DATA FOR THE TASK =
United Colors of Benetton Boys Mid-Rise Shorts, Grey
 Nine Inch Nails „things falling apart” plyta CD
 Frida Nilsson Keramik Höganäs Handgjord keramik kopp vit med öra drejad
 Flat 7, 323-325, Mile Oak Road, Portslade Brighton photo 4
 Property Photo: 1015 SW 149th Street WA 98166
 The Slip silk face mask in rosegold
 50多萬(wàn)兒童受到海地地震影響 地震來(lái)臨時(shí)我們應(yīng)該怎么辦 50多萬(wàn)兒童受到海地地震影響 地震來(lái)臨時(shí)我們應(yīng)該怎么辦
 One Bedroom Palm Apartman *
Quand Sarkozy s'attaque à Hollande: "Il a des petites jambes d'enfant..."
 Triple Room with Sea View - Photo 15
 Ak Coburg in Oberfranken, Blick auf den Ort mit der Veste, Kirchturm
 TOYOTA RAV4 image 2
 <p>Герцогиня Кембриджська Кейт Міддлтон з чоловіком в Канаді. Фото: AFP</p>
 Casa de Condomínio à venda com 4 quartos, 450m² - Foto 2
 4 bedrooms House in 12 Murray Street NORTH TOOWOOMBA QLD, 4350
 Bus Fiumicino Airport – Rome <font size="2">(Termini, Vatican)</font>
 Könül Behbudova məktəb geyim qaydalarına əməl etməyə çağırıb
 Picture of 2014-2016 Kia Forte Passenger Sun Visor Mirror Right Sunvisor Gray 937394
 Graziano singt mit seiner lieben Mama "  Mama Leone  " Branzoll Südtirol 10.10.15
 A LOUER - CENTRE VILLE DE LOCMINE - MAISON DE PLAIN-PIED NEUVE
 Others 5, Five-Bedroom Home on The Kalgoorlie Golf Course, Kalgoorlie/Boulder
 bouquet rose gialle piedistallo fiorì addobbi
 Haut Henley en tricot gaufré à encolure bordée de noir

WHAT THE EXERCISE ASKS =
Please output, exactly, the lines of the listing from the one containing "Property Photo: 1015" through the last, inclusive, and no other lines.

RESULT =
 Property Photo: 1015 SW 149th Street WA 98166
 The Slip silk face mask in rosegold
 50多萬(wàn)兒童受到海地地震影響 地震來(lái)臨時(shí)我們應(yīng)該怎么辦 50多萬(wàn)兒童受到海地地震影響 地震來(lái)臨時(shí)我們應(yīng)該怎么辦
 One Bedroom Palm Apartman *
Quand Sarkozy s'attaque à Hollande: "Il a des petites jambes d'enfant..."
 Triple Room with Sea View - Photo 15
 Ak Coburg in Oberfranken, Blick auf den Ort mit der Veste, Kirchturm
 TOYOTA RAV4 image 2
 <p>Герцогиня Кембриджська Кейт Міддлтон з чоловіком в Канаді. Фото: AFP</p>
 Casa de Condomínio à venda com 4 quartos, 450m² - Foto 2
 4 bedrooms House in 12 Murray Street NORTH TOOWOOMBA QLD, 4350
 Bus Fiumicino Airport – Rome <font size="2">(Termini, Vatican)</font>
 Könül Behbudova məktəb geyim qaydalarına əməl etməyə çağırıb
 Picture of 2014-2016 Kia Forte Passenger Sun Visor Mirror Right Sunvisor Gray 937394
 Graziano singt mit seiner lieben Mama "  Mama Leone  " Branzoll Südtirol 10.10.15
 A LOUER - CENTRE VILLE DE LOCMINE - MAISON DE PLAIN-PIED NEUVE
 Others 5, Five-Bedroom Home on The Kalgoorlie Golf Course, Kalgoorlie/Boulder
 bouquet rose gialle piedistallo fiorì addobbi
 Haut Henley en tricot gaufré à encolure bordée de noir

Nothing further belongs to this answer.